(Dataset content)

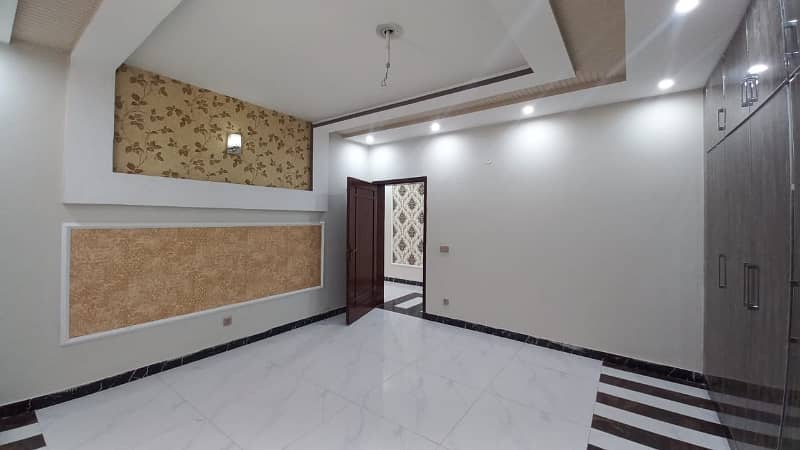 Centrally Located Lower Portion Available In Allama Iqbal Town For Rent 6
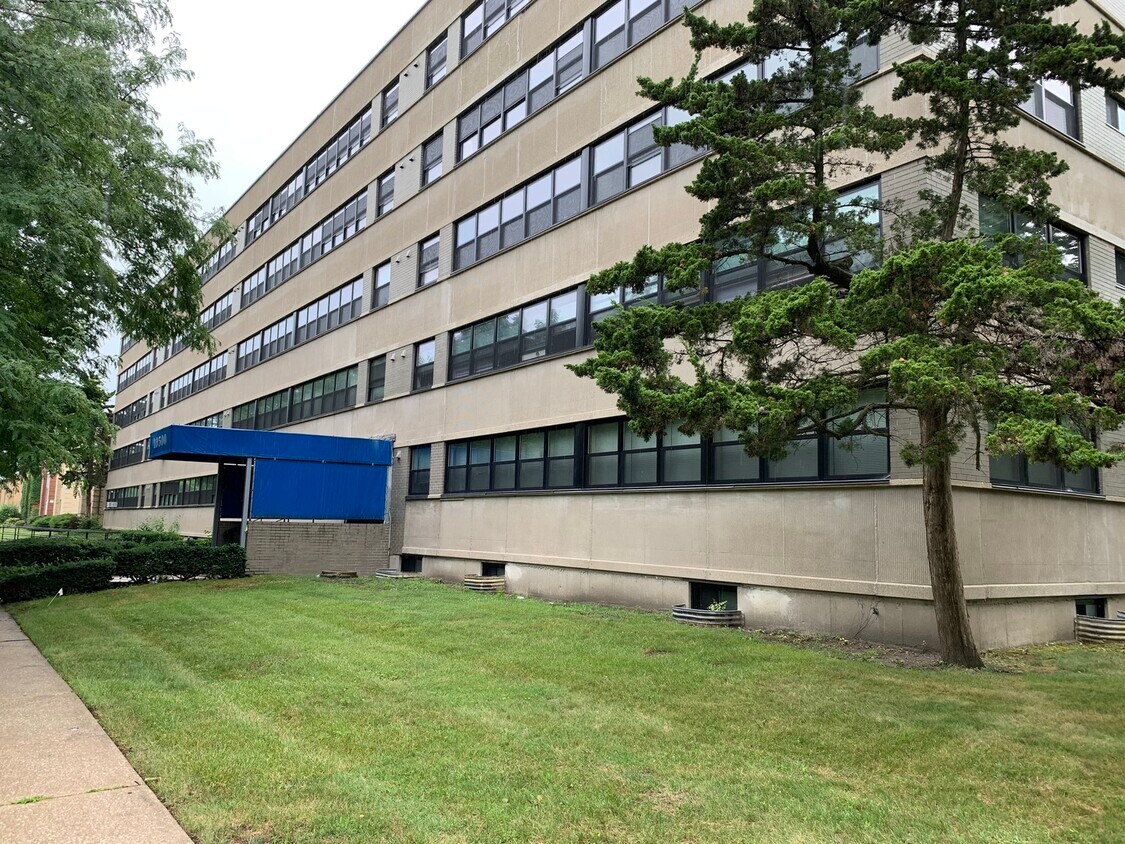 Primary Photo - 10500 S Walden Pkwy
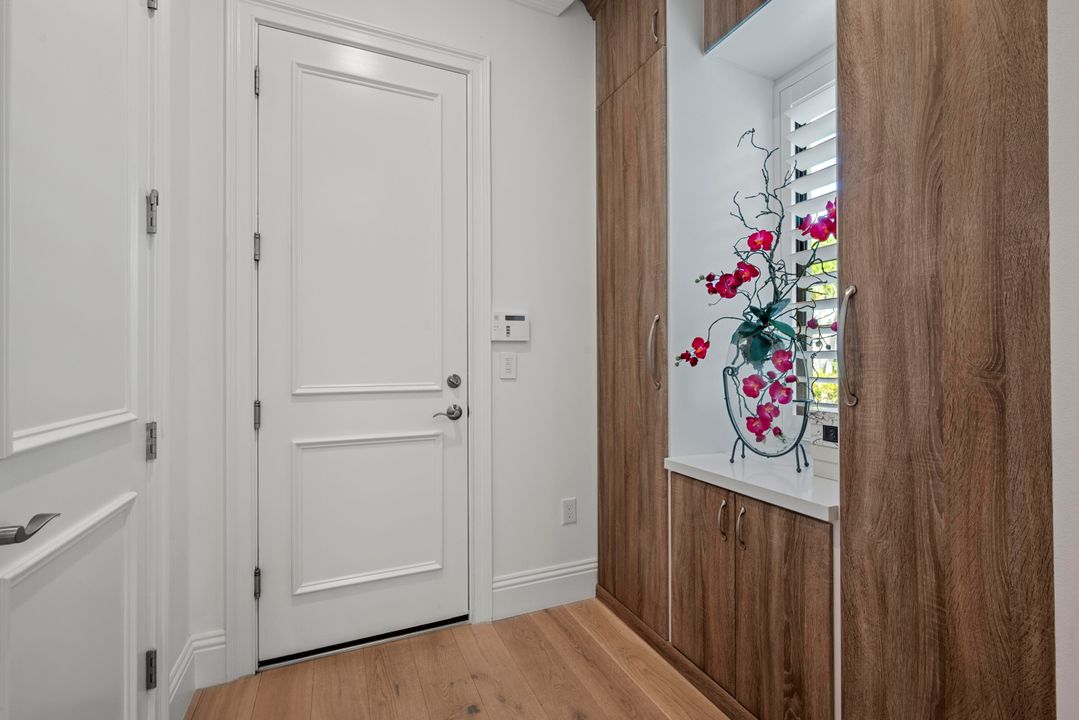 Active With Contract: $3,195,000 (4 beds, 5 baths, 4783 Square Feet)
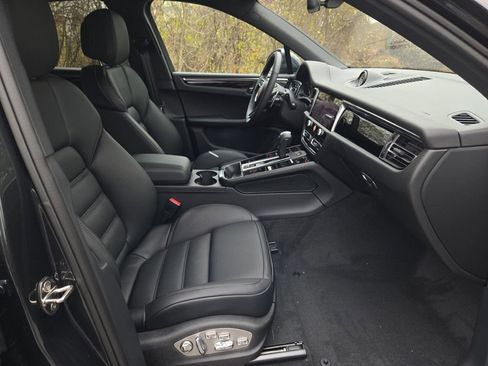 New 2026 Porsche Macan AWD/4WD image 37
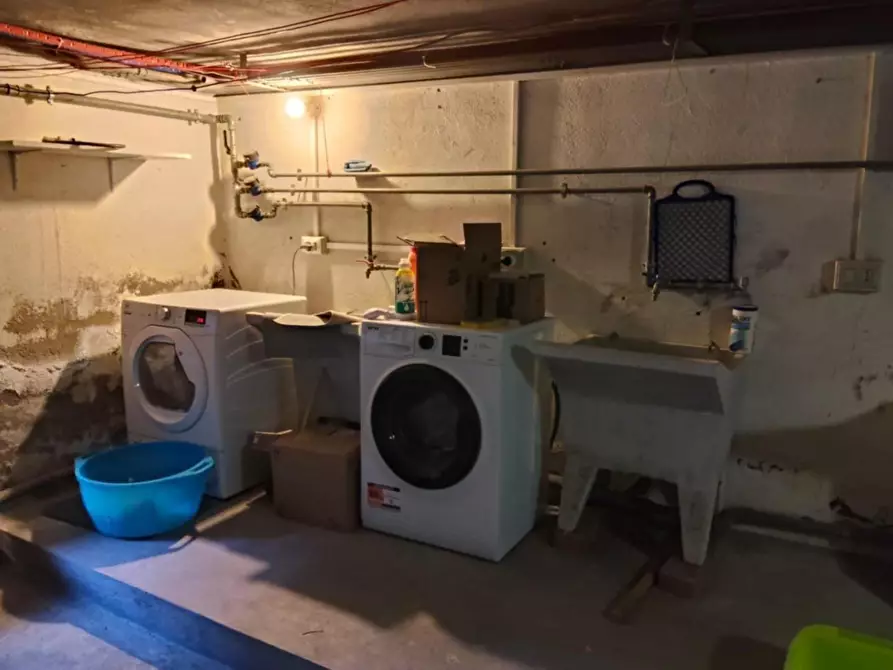 Immagine 9 di Appartamento in vendita  a Pisa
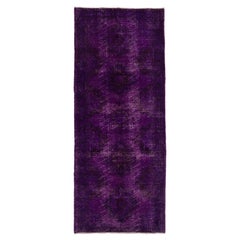 Handgefertigter türkischer Over-Dyed-Läufer aus Wolle in Violett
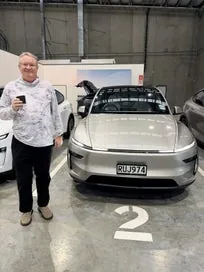 Tesla Model Y 2026 photo 3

(End Dataset content)

Your task —
From the line that contains "Active With Contract: $3,195,000" through the last line of the listing, copy each line exactly; both end lines stay in, and pictures stay out.

Response box —
 Active With Contract: $3,195,000 (4 beds, 5 baths, 4783 Square Feet)
 New 2026 Porsche Macan AWD/4WD image 37
 Immagine 9 di Appartamento in vendita  a Pisa
 Handgefertigter türkischer Over-Dyed-Läufer aus Wolle in Violett
 Tesla Model Y 2026 photo 3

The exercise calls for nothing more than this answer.